Vanuit mijn onderzoek heb ik ideeën over de ontwikkelingen en knelpunten rond de bescherming van persoonsgegevens in de digitale samenleving

Wat doe je concreet bij de AP? 

Veel verschillende dingen, dat maakt het boeiend. Zoals meeschrijven aan een speech over de toekomstvisie van de AP, meedenken over de herinrichting van de organisatie, maar ook meedenken over vragen als: hoe pakken we het cookiesprobleem aan? Vanuit mijn onderzoek heb ik ideeën over de ontwikkelingen en knelpunten rond de bescherming van persoonsgegevens in de digitale samenleving. Ik geef mijn mening, gebaseerd op mijn expertise. Af en toe wordt die goed ontvangen, maar soms ook niet. De ene keer kan ik bevestigen wat zij al denken en de andere keer ben ik juist heel contrair. Het is fijn dat ik gedetacheerd ben, want zo kan ik mijn wetenschappelijke onafhankelijkheid behouden. 

Moeten we eigenlijk niet allemaal beter leren omgaan met nieuwe technologie? 

Je ziet gelukkig steeds meer bewustwording van de vragen rond technologie, ook bij ambtenaren en politici. Er is nu een vaste Kamercommissie voor digitalisering en een staatssecretaris. Het besef dat we er echt iets mee moeten is echt heel anders dan toen de AVG werd ingevoerd. Toen was het gevoel meer: moet dat nou? Nu beseft bijna iedereen wel dat het heel belangrijk is.

Maar we mogen ook best wat strenger zijn voor burgers. Die hebben zelf veel data over anderen en gebruiken ook technieken tegen anderen. Eigen verantwoordelijkheid en ook verplichtingen blijven een heel groot punt.

Kruisbestuiving is altijd mijn doel als ik werk voor maatschappelijke instanties. Wetenschap en praktijk kunnen wat mij betreft nooit zonder elkaar

Heb je ook iets aan je werk bij de AP voor je eigen onderzoek?

Kruisbestuiving is altijd mijn doel als ik werk voor maatschappelijke instanties. Ik heb veel rapporten geschreven waarbij ik de wetenschap vertaalde naar de praktijk. Daardoor leer je wat er echt mogelijk is. Wetenschap en praktijk kunnen wat mij betreft nooit zonder elkaar. Voor mij is dat altijd een reden om dicht bij de praktijk te staan en vooral de beleidscontext vind ik boeiend. Het is heel leuk, maar ook heel essentieel.
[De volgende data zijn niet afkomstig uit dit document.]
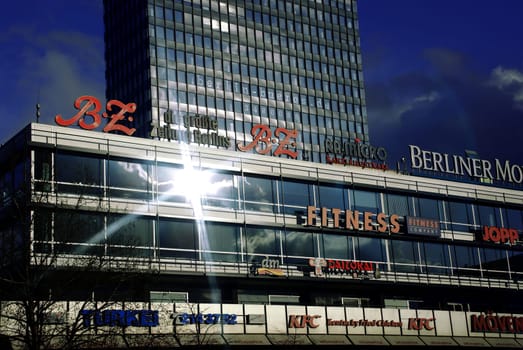 Europa-Center at Breitscheidplatz in Berlin * Snapshot from the moving car with SLR (i.e. without display info preview image) * I manipulated the time of day a little * the sun reflex star is real ***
Heb je nog ander praktijkgericht onderzoek onder handen? 

Met mijn collega’s Aviva de Groot en Esther Keymolen werk ik aan het gebruik van gezichtsherkenning in voetbalstadions om racisme tegen te gaan. Over gezichtsherkenning hadden we eerder al een wetenschappelijk rapport geschreven en nu zitten we in een breder consortium. Ze proberen in het voetbal echt iets goeds te doen met gezichtsherkenning, maar de vraag is wel of het een goed instrument is. Mag je de privacy van mensen schenden met technologie om racistische spreekkoren tegen te gaan? Werkt dat wel? Mag je er mensen uit de menigte mee selecteren die een stadionverbod hebben? Ik weet het antwoord op die vragen ook niet, maar dan wordt het juist interessant. Er is geen universele waarheid, dit zijn echt lastige vragen. 

Daarnaast ben ik een boek aan het schrijven over synthetische realiteit. Daar wil ik ook van die dilemma’s in opnemen. Gaat de overheid in het post truth tijdperk bepalen wat waar is? Wordt de waarheid dan politiek bepaald? Kijk naar de coronacrisis, daar speelde ook de vraag wat de waarheid is. Dit soort vragen vind ik steeds boeiender, daar gaat mijn filosofische hart van kloppen. Ik vind het leuk om een dilemma heel scherp te krijgen. En dan hoop je dat het wordt opgepakt.